Her relief was short lived. She had succeeded in untying the painter of that other boat and swinging it half about, when there came a harsh jangling of chains. A rusty chain dangling from the side of the ship had caught in the stern of the long boat and, slipping free, had gone thudding against the hull. Ten seconds of suspense ended with a gruff:

"Who's there?" and the sudden flash of a brilliant electric torch which brought the two girls out in bold relief.

At once there followed exclamations of astonishment as dark figures crowded the deck above them.

"Trying to steal our boat," said one.

"Ought to walk the plank," came from another.

"Up with 'em!" said another, placing a foot on the top rung of the ladder.

Ruth sat there, red-faced, defiant. Betty was beginning to cry softly, when a fourth person spoke up suddenly:

"Lay off it, boys! Can't you see they're just girls? I don't know what they are about, but I'm bound to say it can't be anything wrong. One of 'em is Tom Bracket's girl. I know her well."

Ruth's heart gave a great leap of joy. She had recognized her champion's voice. He was Patrick O'Connor, the skipper of a sea-going tug, one of her father's good friends.

At once her head was in a whirl. What could it all mean? Captain O'Connor dressed as a pirate and aiding in a night raid of the harbor? The thing seemed impossible.

Her thoughts were broken short off by the voice of the man on the ladder.

"I'm still in favor of havin' 'em tell their story. An' mebby girls don't care for pie and hot coffee an' the like."

"We'll leave it to them," said Captain O'Connor. "If they want to come up we'll be glad to have them. If they don't, then they have their punt. Let them go. What do you say, girls?"

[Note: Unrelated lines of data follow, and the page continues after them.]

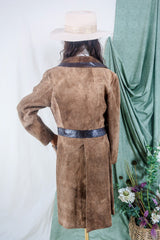 Vintage Reefer Jacket - Suede & Leather Contrast Panel - Size S/M By All About Audrey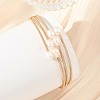 Natural Freshwater Pearl & Brass 3-Strand Open Cuff Bangles BJEW-JB14229-2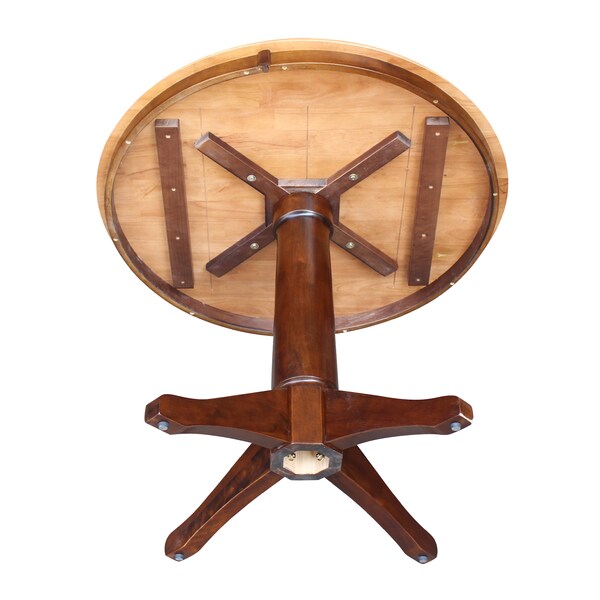 International Concepts Round 36 in Round Top Pedestal Table, 28.9 inH, Cinnamon/Espresso, 36 in W, 36 in L, 29.9 in H - K58-36RT-27B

"Come on," said Ruth. There was a large lump in her throat. "We've got to go up. 'Twon't do to let them misunderstand."

Truth was, there were things she did not understand and that she wanted dreadfully to know about.

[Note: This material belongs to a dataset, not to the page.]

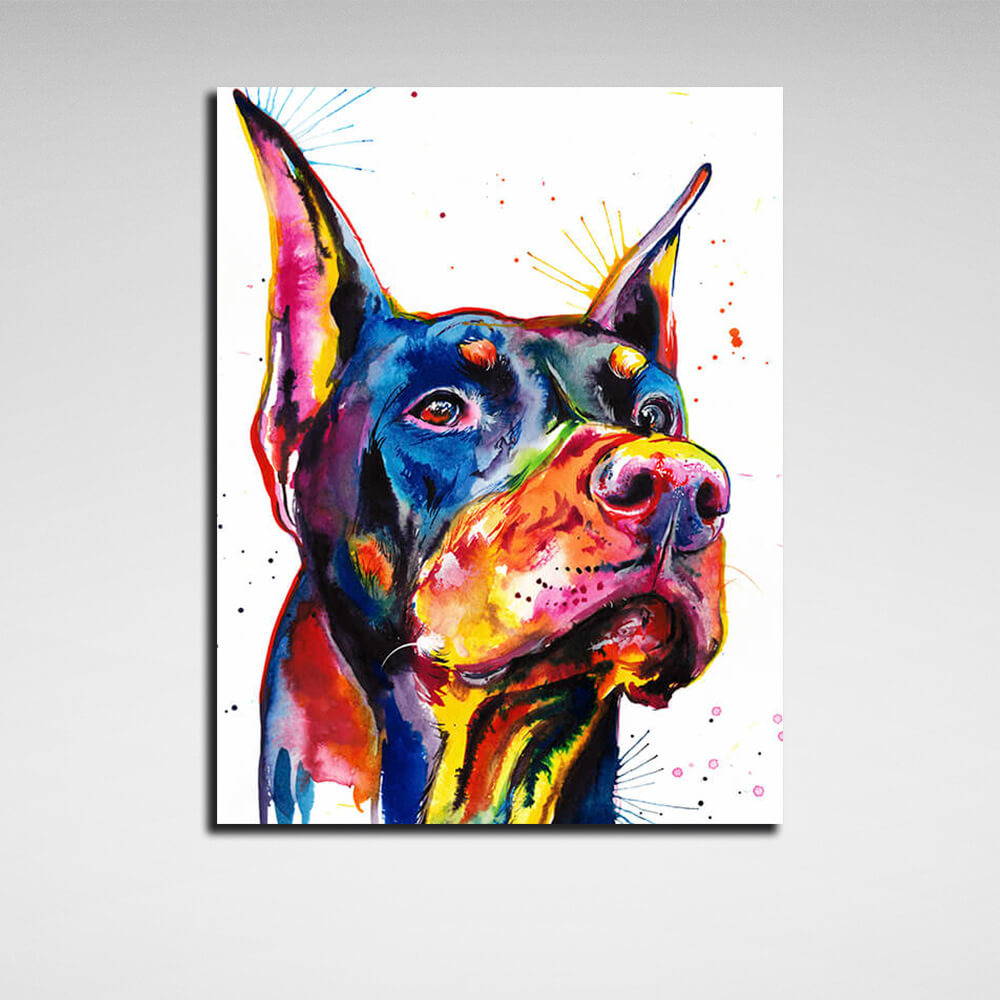 Doberman Canvas Wall Art Print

So, once more, hand over hand, they went up the rope ladder and tumbled in upon the deck.

Ten minutes later the two girls found themselves seated one on either side of Captain O'Connor before the massive mahogany table in the cabin of the Black Gull.

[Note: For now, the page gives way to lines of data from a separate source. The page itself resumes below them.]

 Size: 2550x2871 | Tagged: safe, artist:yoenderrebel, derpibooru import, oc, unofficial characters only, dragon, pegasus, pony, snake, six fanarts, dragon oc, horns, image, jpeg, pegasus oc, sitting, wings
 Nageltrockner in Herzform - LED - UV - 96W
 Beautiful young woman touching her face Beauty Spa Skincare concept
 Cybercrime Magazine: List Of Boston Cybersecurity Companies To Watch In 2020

The table was piled high with good things to eat. A great copper kettle filled with doughnuts, a basket of sandwiches, two hams roasted whole, a steaming tank of coffee, and pies without end, graced the board. A merry band of pirates, surely. Most surprising of all was the fact that the pirate at the head of the table, blackest and fiercest of them all, was none other than Captain Munson, owner of the Black Gull.

"Now," said Captain Munson, and there was a friendly smile on his formidable face, "I am sure you will enjoy the meal more fully if you tell us first why you were about to take our boat."

"Rest assured," he said, as he saw the crimson flush on Ruth's cheek, "you stand absolved. You shall not walk the plank."